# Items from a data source
"""

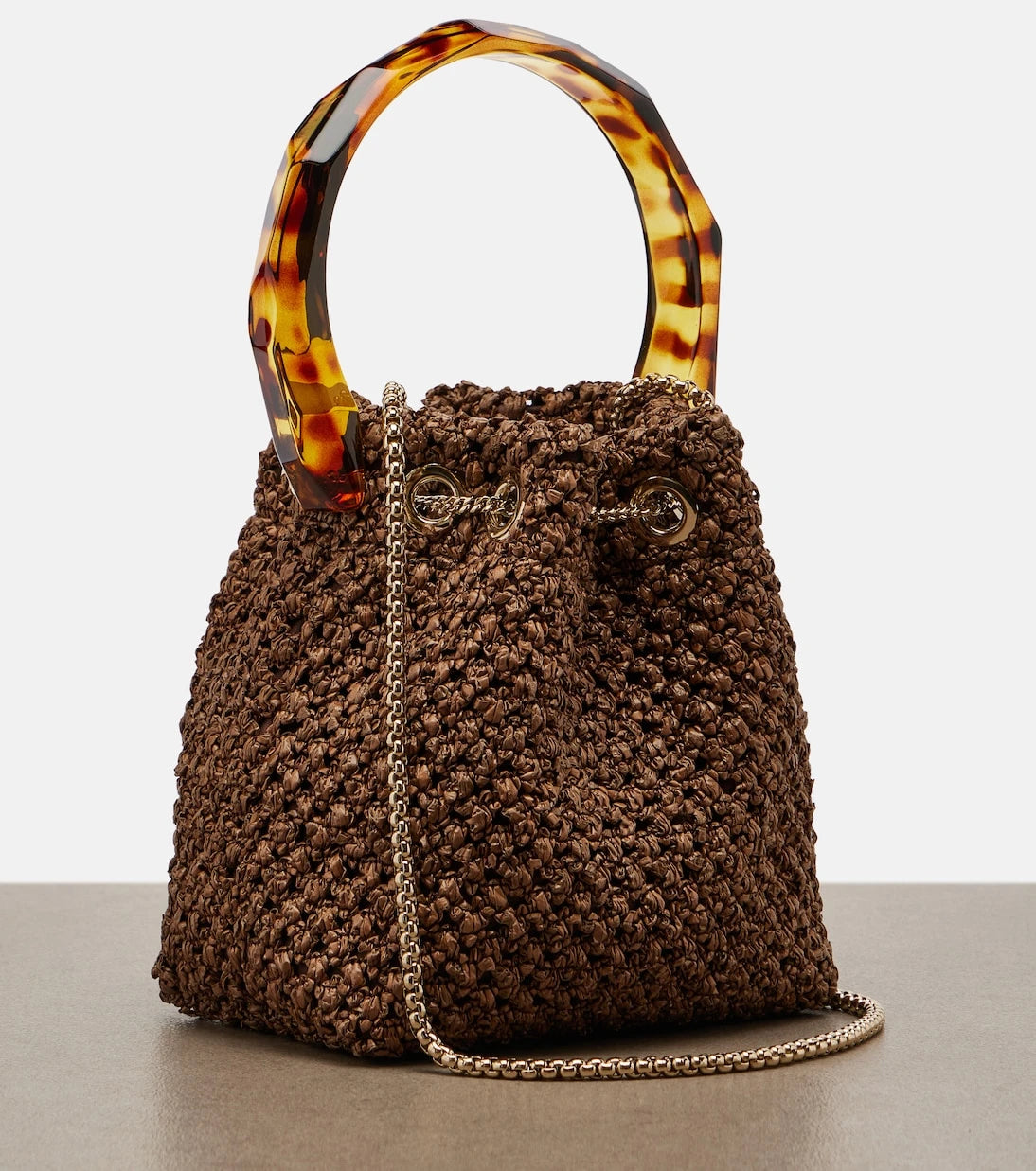 Jimmy Choo - Bon Bon Small raffia-effect bucket bag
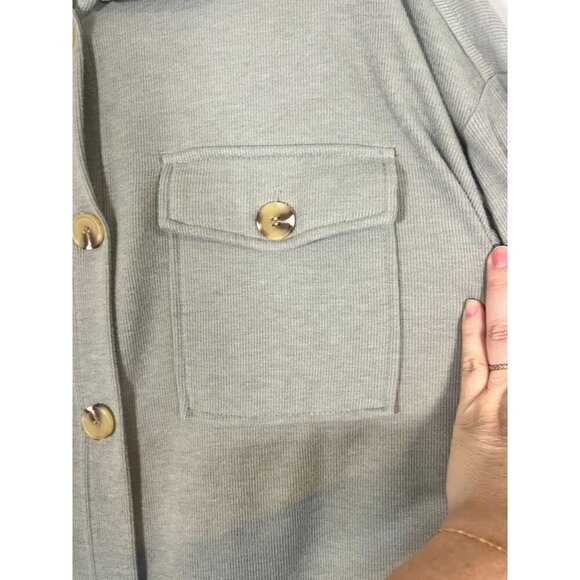 Retro Shacket Green S Ribbed Oversized Boho Western Neutral Classic Outdoors 80s - Picture 5 of 10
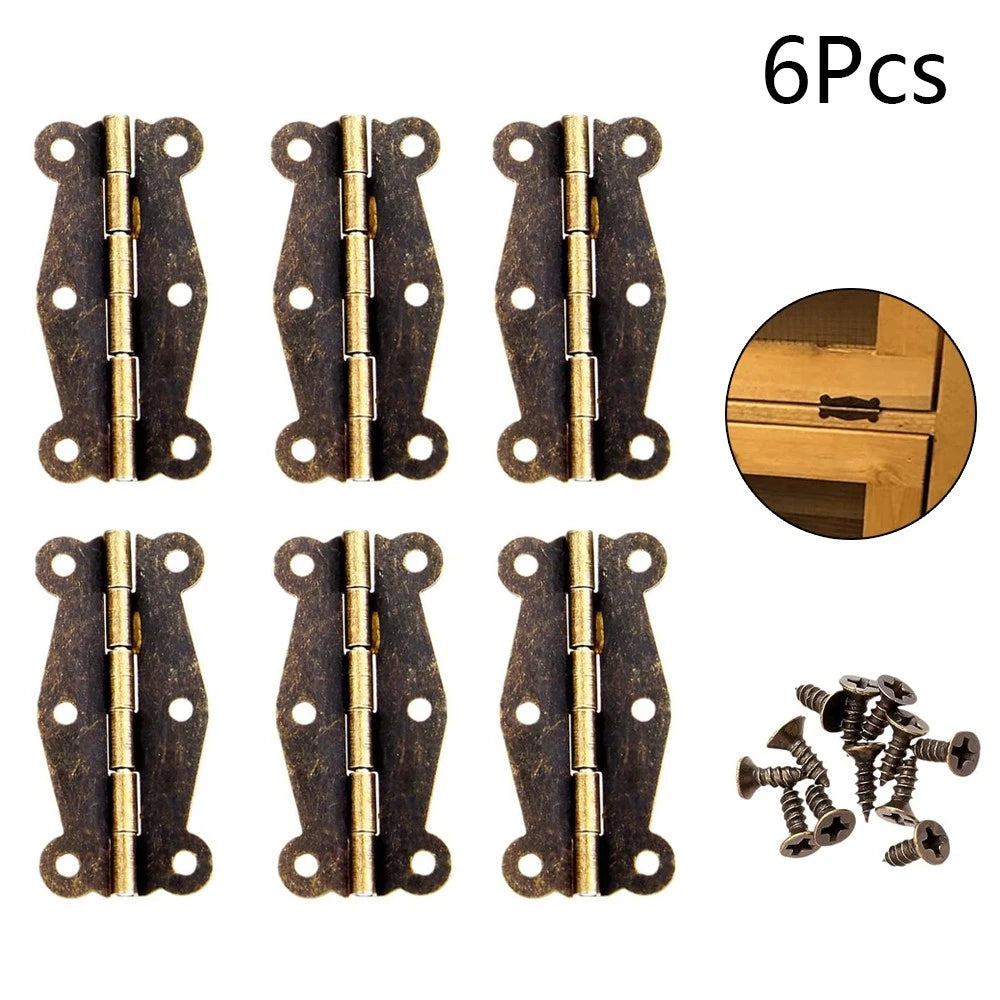 6Pcs Antique Bronze Hinge Jewelry Box Gift Box Wine Box Toolbox Cabinet Hinge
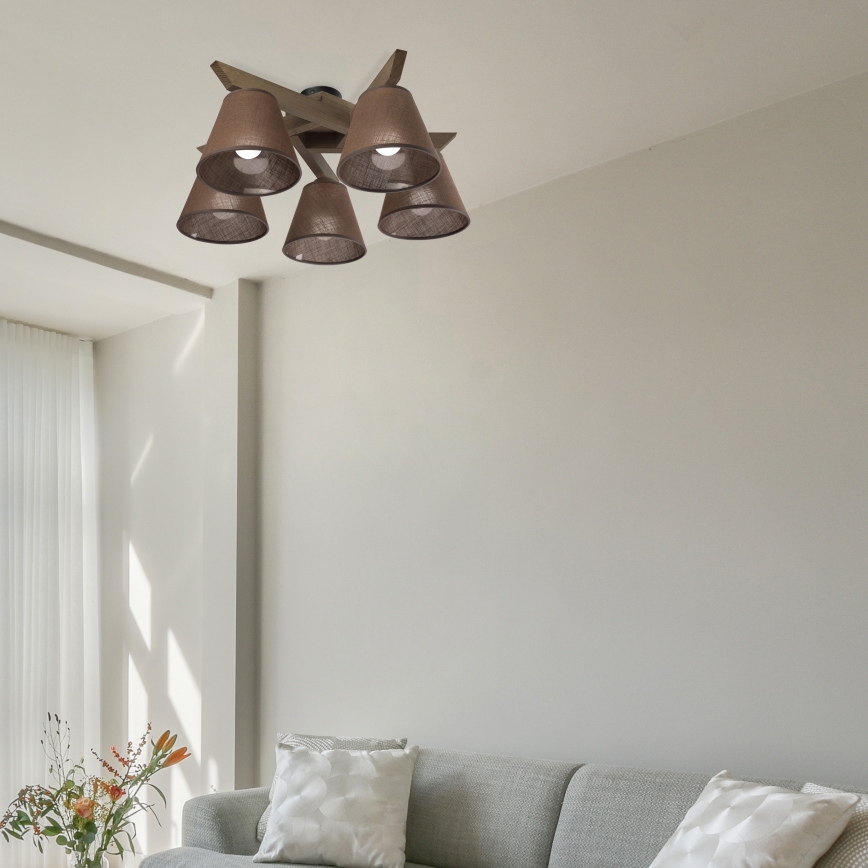 Brilagi - LED Mennyezeti lámpa ANTHONY 5xE14/40W/230V tölgy dióbarna/barnás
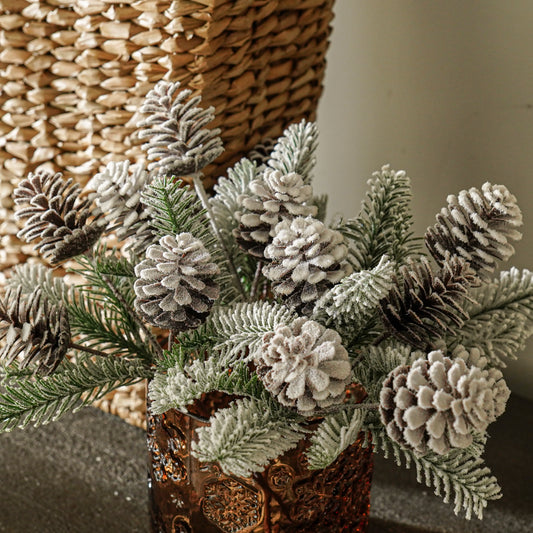 Flocked Fir and Pinecone Stem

"""

Print every entry above verbatim but drop the images.

 Jimmy Choo - Bon Bon Small raffia-effect bucket bag
 Retro Shacket Green S Ribbed Oversized Boho Western Neutral Classic Outdoors 80s - Picture 5 of 10
 6Pcs Antique Bronze Hinge Jewelry Box Gift Box Wine Box Toolbox Cabinet Hinge
 Brilagi - LED Mennyezeti lámpa ANTHONY 5xE14/40W/230V tölgy dióbarna/barnás
 Flocked Fir and Pinecone Stem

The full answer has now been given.